Copy, word for word, the lines below from the one containing "Hey everybody, I'm" up to and including the one containing "Hi, I'm Brooke.", with pictures left out.

══════════

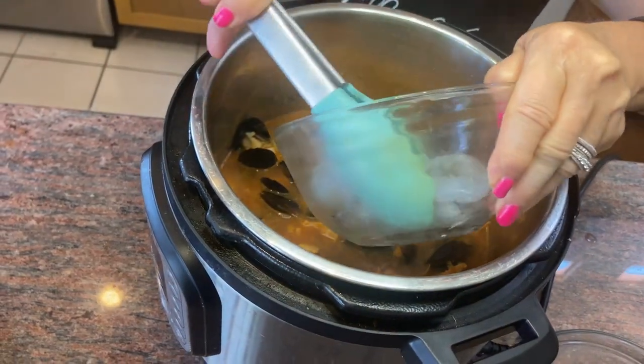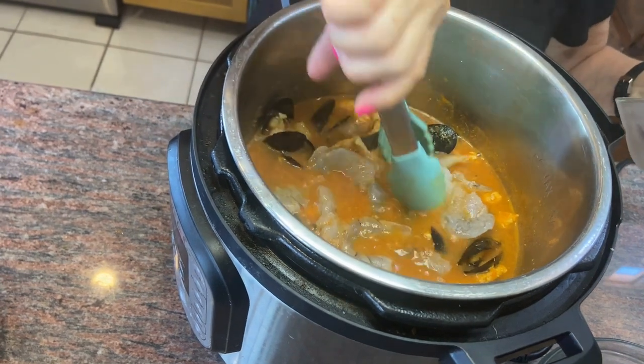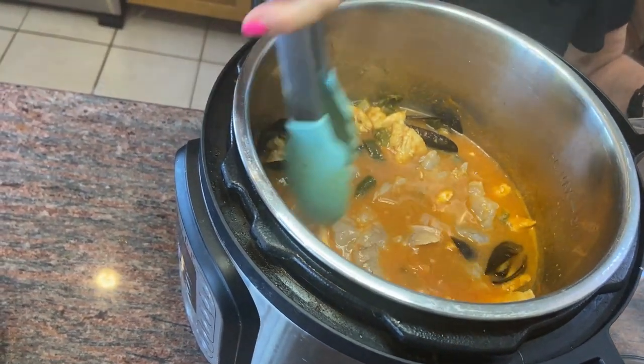The soup is bubbling away and now we're adding the shrimp, our final seafood ingredient. The shrimp will only take a minute or two to fully cook.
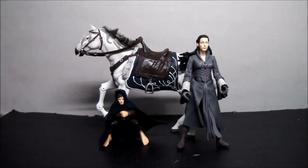Hey guys, how's it going? Just me, Nesto 2, here with another review for you. Today we're taking a look at from Toy Biz, Lord of the Rings: The Fellowship of the Ring, Deluxe Horse and Rider Set — Arwen and Asfalath.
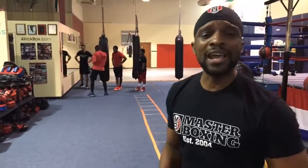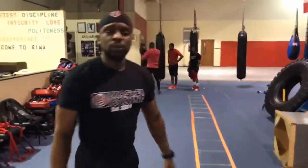My name is Coach Eric A. Bradley and I thank you guys for watching. Stay tuned — we're about to give you some more of that funk from Master Boxing. Let's walk it out. Where you get your master's degree in boxing.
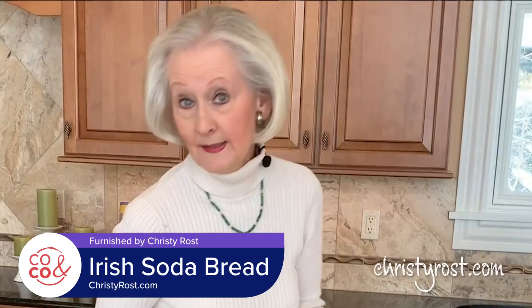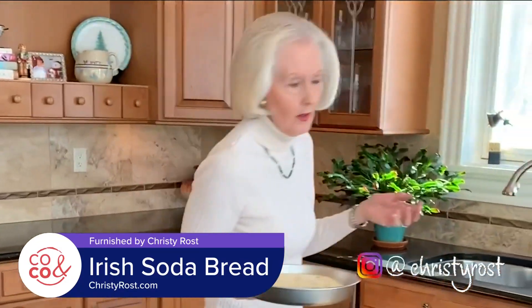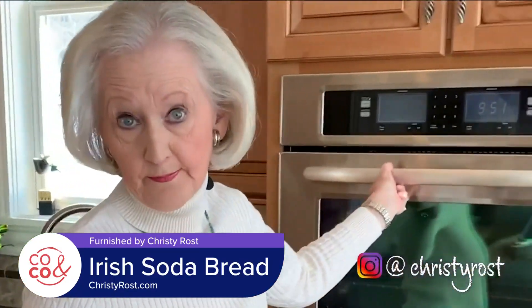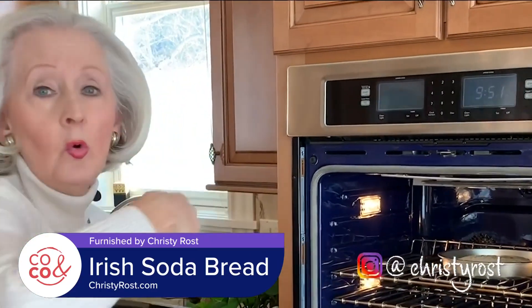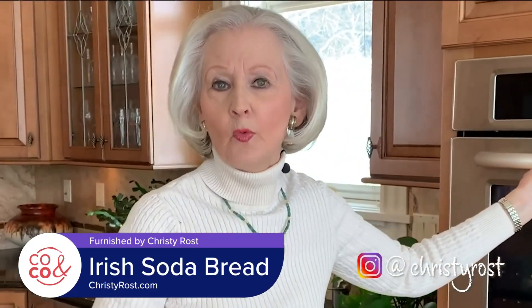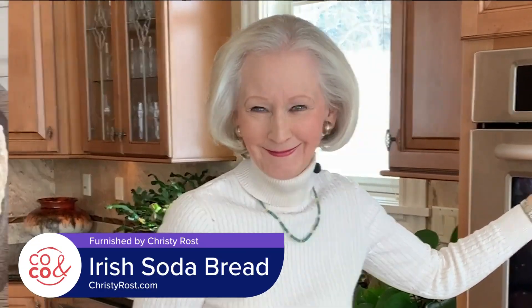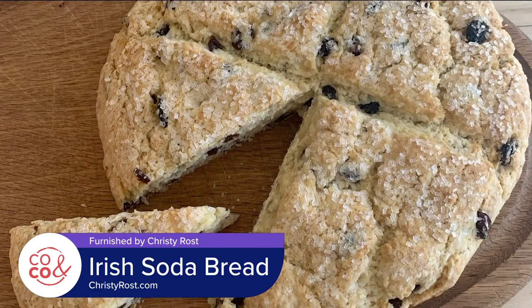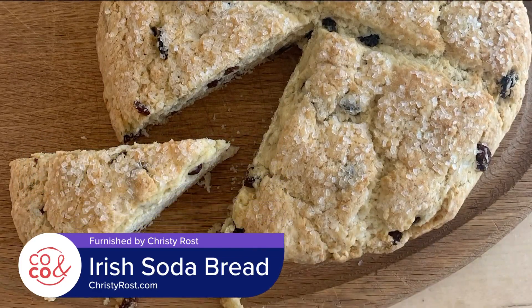I've preheated my oven to 350 degrees, and I'm going to bake this for 30 to 40 minutes. It will be golden brown on top, and once you put a pick in and it comes out clean, the loaf is ready. Served with butter and jam, Irish Soda Bread is a St. Patrick's Day tradition the entire family can enjoy.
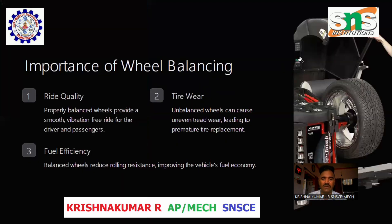Importance of Wheel Balancing. Ride Quality: Properly balanced wheels provide a smooth, vibration-free ride for the driver and passengers.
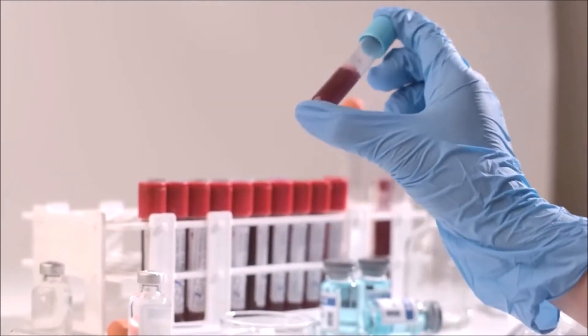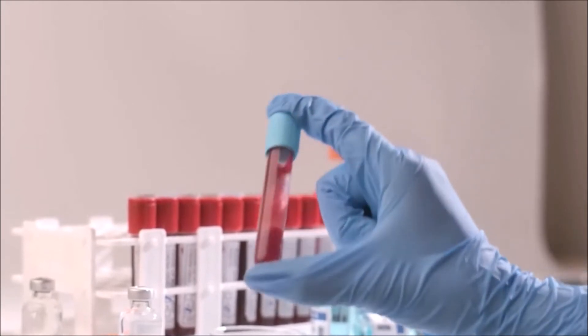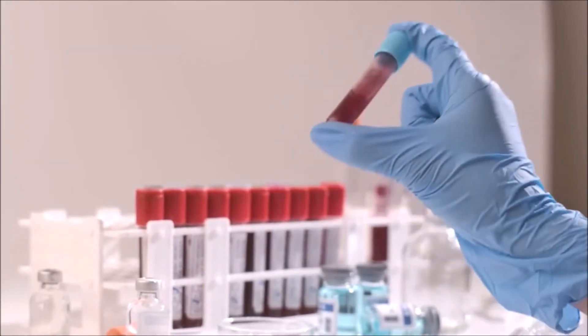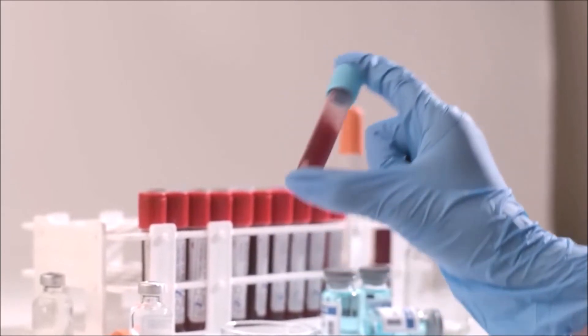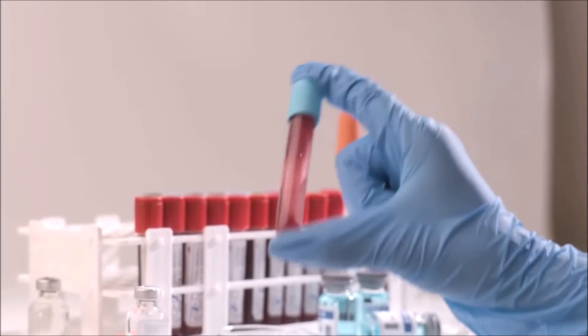Which blood collection tube will you use? That is the question we are trying to answer in this presentation. This video covers the blood collection tubes' common types used at the veterinary hospital. We also explain the additives in each collection tube and some of the tests that you would look to run with each blood collection tube.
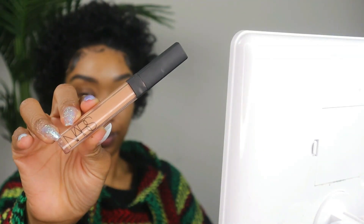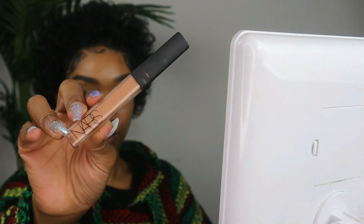Microblading my brows has actually been one of the best decisions I've made, so if you're thinking about it, I would highly suggest it — it makes life easier on so many levels. I should get a refill for the new year so I can go into 2023 with fresh brows, and also take a little break from filling in my brows. But anyways, once we have shaped and filled our brows to our desired look, I like to go in with my NARS Creamy Concealer.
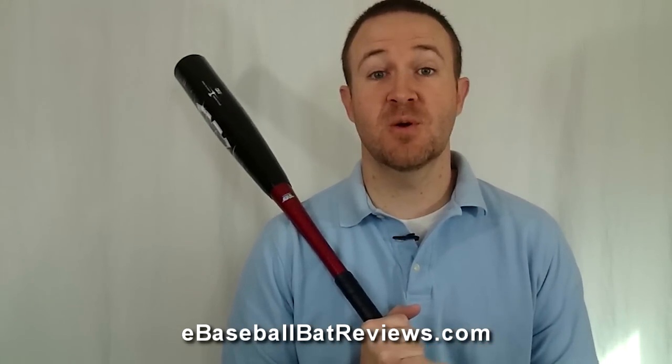Hey everybody, I'm Adam with eBaseballBatReviews.com and welcome to another installment of our video bat review series. Today I have the brand new Baden Axe Elite from Baden Sports. This bat is BBCOR certified, so if you're in high school or college, it is going to be legal for play.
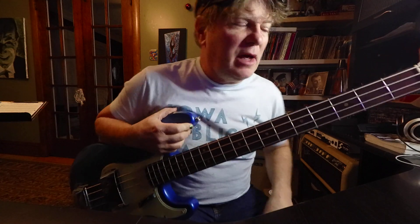Hi, I'm Brooke. If you're getting started playing the electric bass, you might want to start with a C major scale.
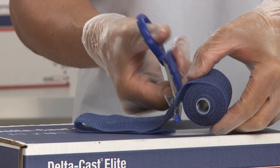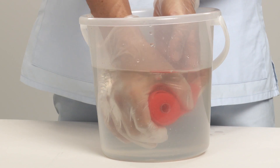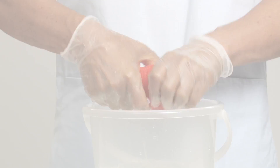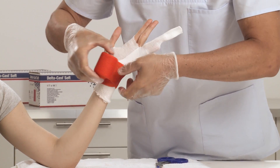If stronger reinforcement is required, increase the number of layers. Select the appropriate width of cast tape depending on the size of the limb. Activate Deltacast Soft by squeezing it once within and once gently out of the water to drain any surplus liquid out of the bandage.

══════════

RESULT OF THIS EXERCISE:
Hey everybody, I'm Adam with eBaseballBatReviews.com and welcome to another installment of our video bat review series. Today I have the brand new Baden Axe Elite from Baden Sports. This bat is BBCOR certified, so if you're in high school or college, it is going to be legal for play.
Hi, I'm Brooke. If you're getting started playing the electric bass, you might want to start with a C major scale.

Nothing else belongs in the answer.